55 343,10 euros Au titre des salaires (brut).

5 534,31 euros Au titre d'indemnité de congés payés sur rappel de salaires.

Ordonne la remise des fiches de paie, du certificat de travail et de l'attestation Pôle emploi, sous astreinte de 100 euros par jour de retard, à compter de la décision.

Ordonne la capitalisation de l'intérêt légal.

Condamne Maitre [U], ès qualités, au paiement de la somme de 5 000 euros au titre de dommages et intérêts liés au préjudice subi par Monsieur [R] [T],

Condamne l'EURL [I], représentée par la SELARL ARCHIBALD, es qualité de liquidateur judiciaire, à payer à Monsieur [R] [T], la somme de 3 000 euros sur le fondement des dispositions de l'article 700 du CPC,

Condamne Maitre [U], es qualité, au paiement de la somme de 3 000 euros au titre de dommages et intérêts liés au préjudice subi par Monsieur [C] [I],

Condamne l'EURL [I], représentée par la SELARL ARCHIBALD, es qualité de liquidateur judiciaire, à payer à Monsieur [C] [I], la somme de 5 000 euros sur le fondement des dispositions de l'article 700 du CPC,

Déboute l'EURL [I] représentée par la SELARL ARCHIBALD de toutes ses demandes reconventionnelles.
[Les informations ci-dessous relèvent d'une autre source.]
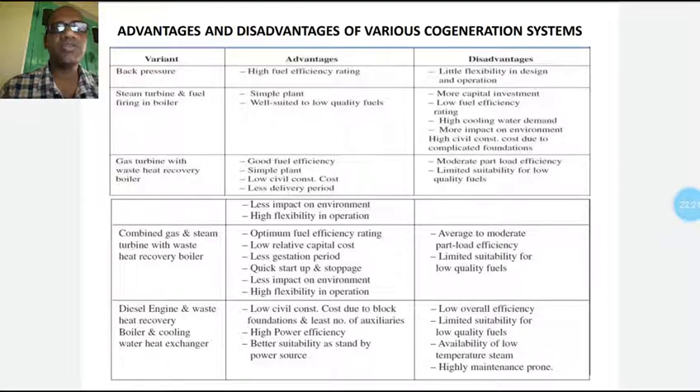For a gas turbine with waste heat recovery boiler, the advantages are: good fuel efficiency, simple plant, low civil construction cost, and less delivery period. The disadvantages are moderate part-load efficiency and limited suitability for low quality fuels. For low quality fuels, the efficiency of a gas turbine is low and the maintenance cost will be higher.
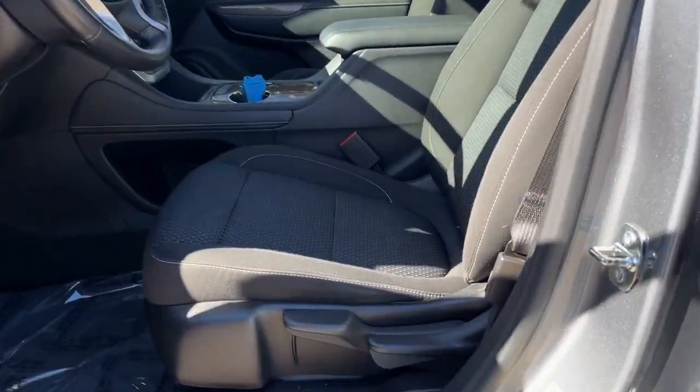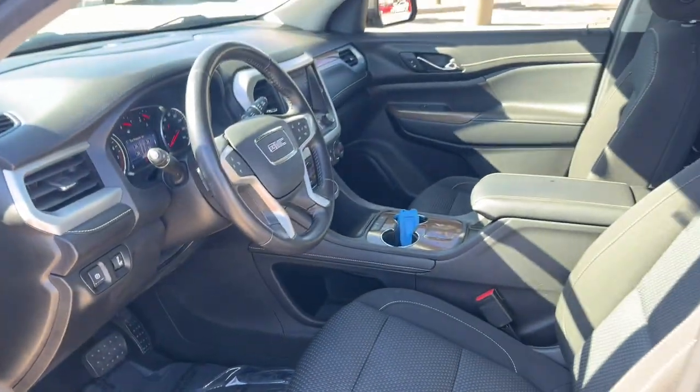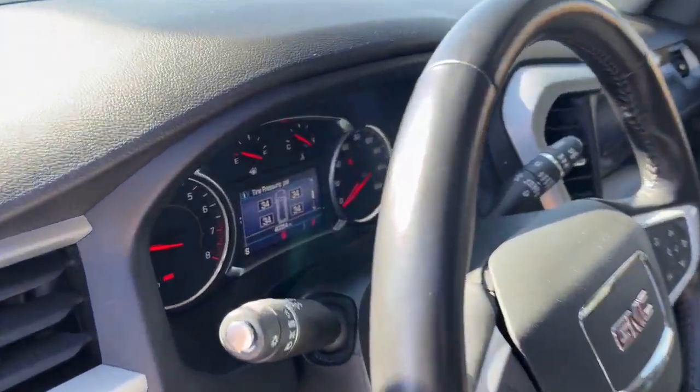Comfort and safety blend with brawny versatility in this ruggedly stylish Acadia. See for yourself when you take it out for a test drive. Our professional staff looks forward to giving you excellent service.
Débouté Monsieur [R] [T] du surplus de ses demandes.

Déboute Monsieur [C] [I] du surplus de ses demandes.

Condamné l'EURL [I], représentée par la SELARL ARCHIBALD, es qualité de liquidateur judiciaire, aux entiers dépens.
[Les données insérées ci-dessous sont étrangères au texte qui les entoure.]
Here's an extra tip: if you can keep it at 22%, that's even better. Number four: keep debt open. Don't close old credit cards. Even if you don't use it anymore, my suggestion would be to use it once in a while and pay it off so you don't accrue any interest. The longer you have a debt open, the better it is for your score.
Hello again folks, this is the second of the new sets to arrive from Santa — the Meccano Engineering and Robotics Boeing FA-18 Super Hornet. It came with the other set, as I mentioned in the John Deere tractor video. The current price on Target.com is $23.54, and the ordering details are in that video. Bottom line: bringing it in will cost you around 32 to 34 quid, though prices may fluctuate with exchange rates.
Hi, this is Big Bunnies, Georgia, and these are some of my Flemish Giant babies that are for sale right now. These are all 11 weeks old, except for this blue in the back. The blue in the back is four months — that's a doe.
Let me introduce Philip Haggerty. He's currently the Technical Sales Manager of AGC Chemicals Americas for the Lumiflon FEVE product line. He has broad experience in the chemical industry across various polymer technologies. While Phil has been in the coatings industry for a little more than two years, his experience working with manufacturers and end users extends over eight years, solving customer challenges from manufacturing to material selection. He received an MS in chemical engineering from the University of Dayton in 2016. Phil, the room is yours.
INFIRMER le jugement du Conseil de prud'hommes de FONTAINEBLEAU du 30 juillet 2021 en ce qu'il a :

REJETE la demande de jonction de l'ensemble des procédures ;

A TITRE SUBSIDIAIRE,

FIXER au passif de la procédure de redressement judiciaire de Monsieur MarcelALCOLEA les sommes de 1.537,30 euros à titre d'indemnité légale de licenciement et de 3.689,40 euros à titre d'indemnité compensatrice de préavis qui pourraient être dues ;

FIXER au passif de la procédure de redressement judiciaire de Monsieur [C] [I] un montant cumulé de dommages-intérêts qui ne saurait excéder 1.844,77 euros et ce en vertu de l'article L.1235-3 du Code du travail dans une entreprise de moins de 11 salaries pour une ancienneté de 3 ans et 4 mois;

FIXER au passif de la procédure de redressement judiciaire de Monsieur [C] [I] un montant de rappel de salaires de 6.887,14 euros bruts correspondant à la période du 1er février 2019 à la date du 22 mai 2019 ;

DEBOUTER les autres demandes injustifiées des ayants droit de Monsieur [R] [T] ;

En tout etat de cause,

CONDAMNER la societe ARCHIBALD au paiement de la somme de 5.000 euros sur le fondement des dispositions de l'article 700 du Code de Procédure Civile à hauteur d'appel ainsi qu'aux entiers dépens.'.

L'ordonnance de clôture est intervenue le 3 juin 2025.

L'audience prévue le 23 juin 2025 n'ayant pu se tenir en raison d'une panne électrique générale, l'affaire a été renvoyée à l'audience du 7 juillet 2025.

MOTIFS DE LA DECISION

Sur l'intervention volontaire de M. [O] [T] et de Mme [L] [T]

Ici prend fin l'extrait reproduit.